Incidentally, the political administration in the seven tribal agencies on the Pak-Afghan border has restricted journalists’ entry into the region since the military launched a major offensive against suspected Al-Qaeda fighters in South Waziristan in early 2004.

The pressure from the militants and the administration has forced most journalists to either shift from Waziristan to adjacent districts or say adieu to their profession. “Most professional newsmen have shifted from the tribal areas to adjoining Dera Ismail Khan, Bannu, Tank, Peshawar and Karachi. It’s hard for them to live in the tribal areas anymore,” remarked Sailab Mehsud, president of the Tribal Union of Journalists.
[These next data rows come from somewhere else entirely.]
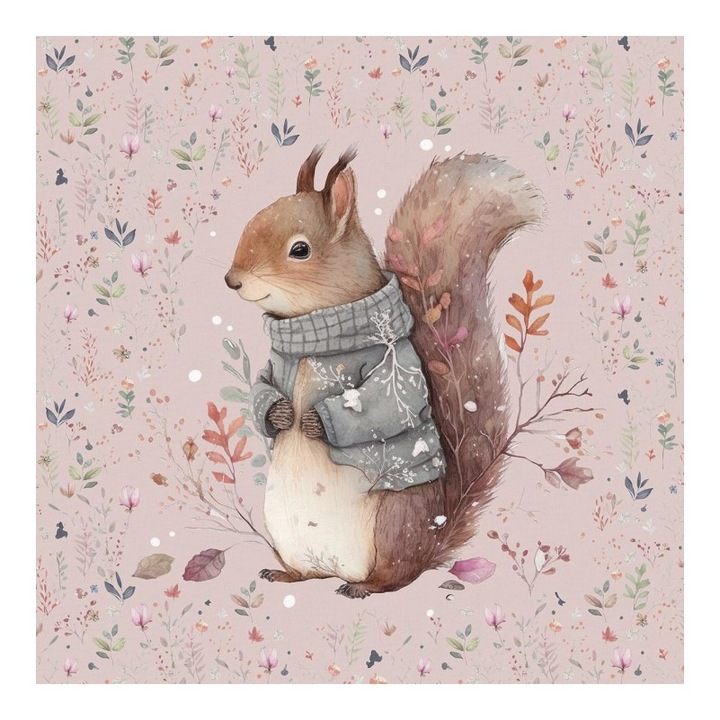 Material textil, Panou din tricot french terry 40x50 cm Tara trandafirilor calzi: Veverita, bumbac 95%, elastan 5%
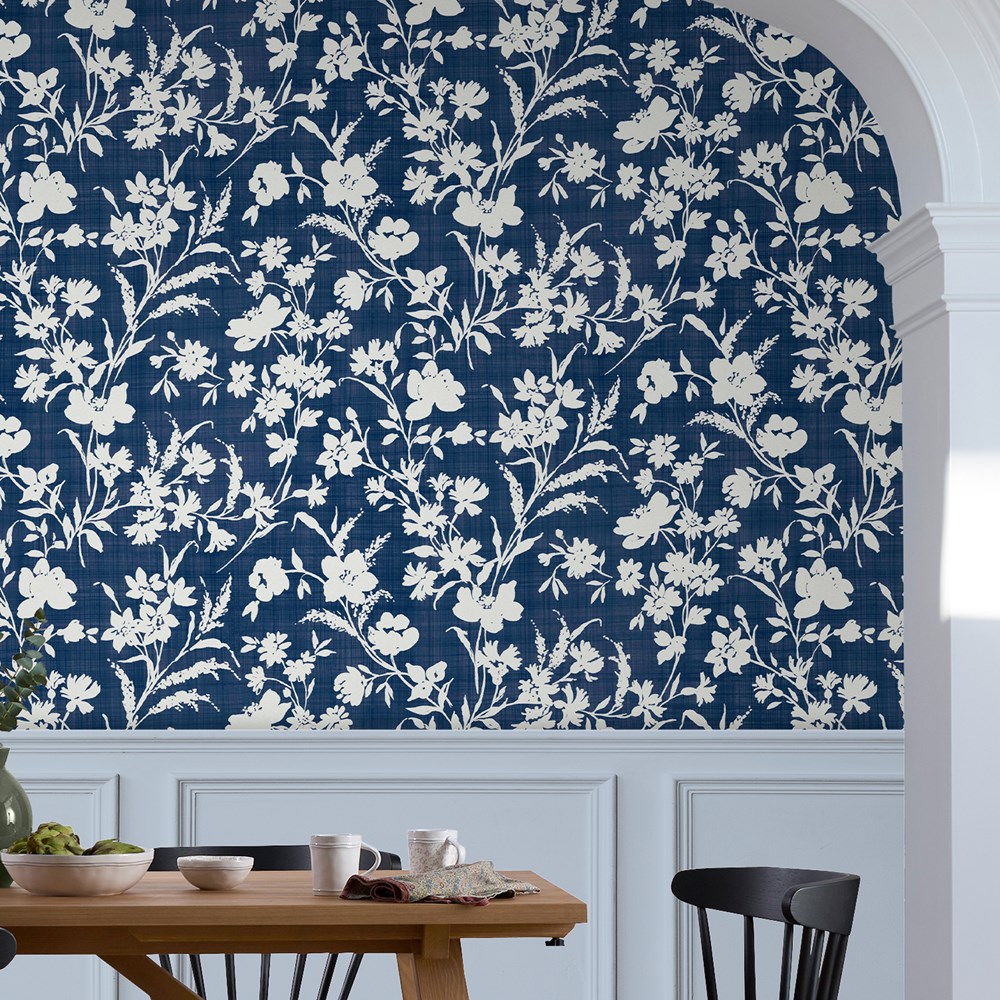 Rye Floral Wallpaper 119854 by Laura Ashley in Midnight Seaspray Blue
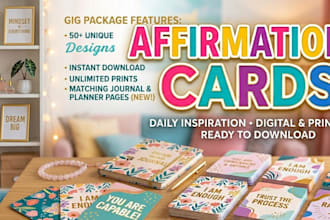 create printable custom motivational and affirmations cards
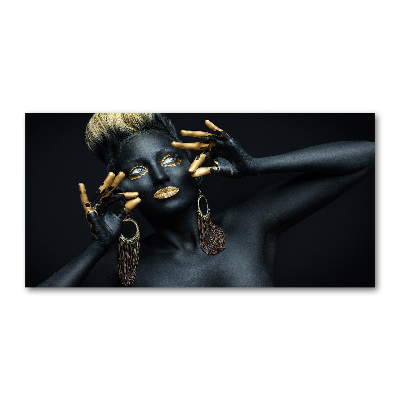 Schilderij op glas Vrouw in het zwart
“The tribal area is passing through a very sensitive phase. It has come under international focus and the entire country’s stability depends on the situation in the tribal areas,” the NWFP governor, Lt Gen (Ret) Ali Muhammad Jan Orakzai, told a delegation of journalists who met with him to lodge a protest over Hayatullah’s killing.

“I, in my capacity as your brother, ask you to keep in mind the national interest when filing your stories,” he said. “The situation can take a dangerous turn, if my position as a tribal governor is not utilised in improving the state of affairs in the tribal areas.”